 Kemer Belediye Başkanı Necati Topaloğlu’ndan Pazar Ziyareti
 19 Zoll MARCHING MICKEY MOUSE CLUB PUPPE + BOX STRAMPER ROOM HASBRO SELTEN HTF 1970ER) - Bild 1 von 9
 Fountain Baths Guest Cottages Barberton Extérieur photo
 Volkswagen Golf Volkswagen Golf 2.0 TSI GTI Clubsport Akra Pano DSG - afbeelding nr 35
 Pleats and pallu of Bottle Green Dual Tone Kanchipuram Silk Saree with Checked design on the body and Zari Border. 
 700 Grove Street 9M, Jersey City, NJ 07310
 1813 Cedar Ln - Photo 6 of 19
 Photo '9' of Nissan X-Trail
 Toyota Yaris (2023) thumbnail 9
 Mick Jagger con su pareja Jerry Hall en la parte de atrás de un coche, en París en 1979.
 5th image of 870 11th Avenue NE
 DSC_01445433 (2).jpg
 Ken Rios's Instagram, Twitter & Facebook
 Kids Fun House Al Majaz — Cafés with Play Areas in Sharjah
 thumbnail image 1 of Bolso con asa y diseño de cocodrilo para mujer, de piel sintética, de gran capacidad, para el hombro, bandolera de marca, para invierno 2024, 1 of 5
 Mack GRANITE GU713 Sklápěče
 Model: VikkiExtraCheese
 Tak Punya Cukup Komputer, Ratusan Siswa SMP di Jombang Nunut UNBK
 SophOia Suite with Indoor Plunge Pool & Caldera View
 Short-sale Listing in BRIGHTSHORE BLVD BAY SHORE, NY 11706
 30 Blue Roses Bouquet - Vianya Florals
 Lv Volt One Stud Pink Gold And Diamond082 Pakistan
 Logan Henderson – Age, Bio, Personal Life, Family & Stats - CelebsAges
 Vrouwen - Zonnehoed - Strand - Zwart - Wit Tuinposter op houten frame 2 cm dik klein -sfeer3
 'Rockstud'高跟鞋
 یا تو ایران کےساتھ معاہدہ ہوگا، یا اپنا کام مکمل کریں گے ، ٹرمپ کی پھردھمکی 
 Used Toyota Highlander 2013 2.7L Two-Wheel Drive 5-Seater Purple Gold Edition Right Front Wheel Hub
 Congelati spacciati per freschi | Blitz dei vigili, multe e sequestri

--*--

_Your task_.
Read the entries above and find each line holding the word "image". Copy it out.

_Response for this exercise_.
 5th image of 870 11th Avenue NE
 thumbnail image 1 of Bolso con asa y diseño de cocodrilo para mujer, de piel sintética, de gran capacidad, para el hombro, bandolera de marca, para invierno 2024, 1 of 5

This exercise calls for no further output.